The output after running the above code looks like:

Sales
829.258

COUNT

COUNT is a function which can be used when you want to count the number of rows of a column in the DataModel.

The code to apply the COUNT function is shown below:

Aggregation aggregateCount = new Aggregation {
    "Country", Aggregation.Function.COUNT
};
DataModel noOfCountry = model.Aggregate(aggregateCount);

In the above code:

  • Aggregation is a class.
  • aggregateCount is an object which holds information of the data to be aggregated.
  • Country is the column name on which the aggregation function will be applied.
  • In Aggregation.Function.COUNT, Function is an enum of Aggregation class which specifies the function to be applied on the data.
  • DataModel is a class.
  • noOfCountry is the object which holds the resultant data.

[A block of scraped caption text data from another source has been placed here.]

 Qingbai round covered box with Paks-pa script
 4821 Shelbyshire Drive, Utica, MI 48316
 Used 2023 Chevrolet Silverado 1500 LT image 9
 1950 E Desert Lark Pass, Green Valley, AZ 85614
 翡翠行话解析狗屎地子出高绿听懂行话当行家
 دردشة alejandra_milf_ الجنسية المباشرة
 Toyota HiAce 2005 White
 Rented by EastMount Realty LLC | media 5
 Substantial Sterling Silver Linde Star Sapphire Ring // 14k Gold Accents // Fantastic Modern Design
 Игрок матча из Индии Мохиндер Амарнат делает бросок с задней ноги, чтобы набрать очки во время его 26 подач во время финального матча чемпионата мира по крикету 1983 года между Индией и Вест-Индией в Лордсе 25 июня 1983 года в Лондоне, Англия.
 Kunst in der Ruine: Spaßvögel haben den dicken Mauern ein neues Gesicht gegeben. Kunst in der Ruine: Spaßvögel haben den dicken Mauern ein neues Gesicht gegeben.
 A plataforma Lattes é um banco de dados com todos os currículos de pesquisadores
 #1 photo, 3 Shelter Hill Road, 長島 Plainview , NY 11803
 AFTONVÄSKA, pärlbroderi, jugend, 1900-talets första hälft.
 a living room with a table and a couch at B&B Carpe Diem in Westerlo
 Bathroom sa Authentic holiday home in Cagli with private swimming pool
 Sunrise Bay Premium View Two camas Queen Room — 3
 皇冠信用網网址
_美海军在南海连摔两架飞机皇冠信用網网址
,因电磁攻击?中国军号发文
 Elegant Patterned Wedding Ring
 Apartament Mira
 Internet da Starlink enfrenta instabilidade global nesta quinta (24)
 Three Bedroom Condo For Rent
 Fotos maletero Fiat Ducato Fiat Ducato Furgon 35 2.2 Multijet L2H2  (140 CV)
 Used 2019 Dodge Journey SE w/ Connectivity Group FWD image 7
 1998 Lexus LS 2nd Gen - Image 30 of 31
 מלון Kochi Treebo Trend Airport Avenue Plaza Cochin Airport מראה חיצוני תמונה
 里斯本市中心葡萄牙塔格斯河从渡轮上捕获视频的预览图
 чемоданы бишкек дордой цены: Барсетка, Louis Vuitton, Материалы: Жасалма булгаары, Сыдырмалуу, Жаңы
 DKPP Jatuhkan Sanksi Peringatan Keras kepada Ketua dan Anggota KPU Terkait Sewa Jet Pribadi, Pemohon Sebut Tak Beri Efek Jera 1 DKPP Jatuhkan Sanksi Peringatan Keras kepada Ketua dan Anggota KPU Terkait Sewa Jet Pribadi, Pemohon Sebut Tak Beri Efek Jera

The output after running the above code looks like:

Country
9

Average

AVERAGE is a function which can be used when you have a list of numeric data and you want to calculate the average of it. In the above tabular data, to calculate the average of the values in Quantity column, set the AVERAGE function as shown in the code below:

Aggregation aggregateAverage = new Aggregation {
    "Quantity", Aggregation.Function.AVERAGE
};
DataModel finalAverage = model.Aggregate(aggregateAverage);

In the above code:

  • Aggregation is a class.
  • aggregateAverage is an object which holds information of the data to be aggregated.
  • Quantity is the column name on which the aggregation function will be applied.
  • In Aggregation.Function.AVERAGE, Function is an enum of Aggregation class which specifies the function to be applied on the data.
  • DataModel is a class.
  • finalAverage is the object which holds the resultant data.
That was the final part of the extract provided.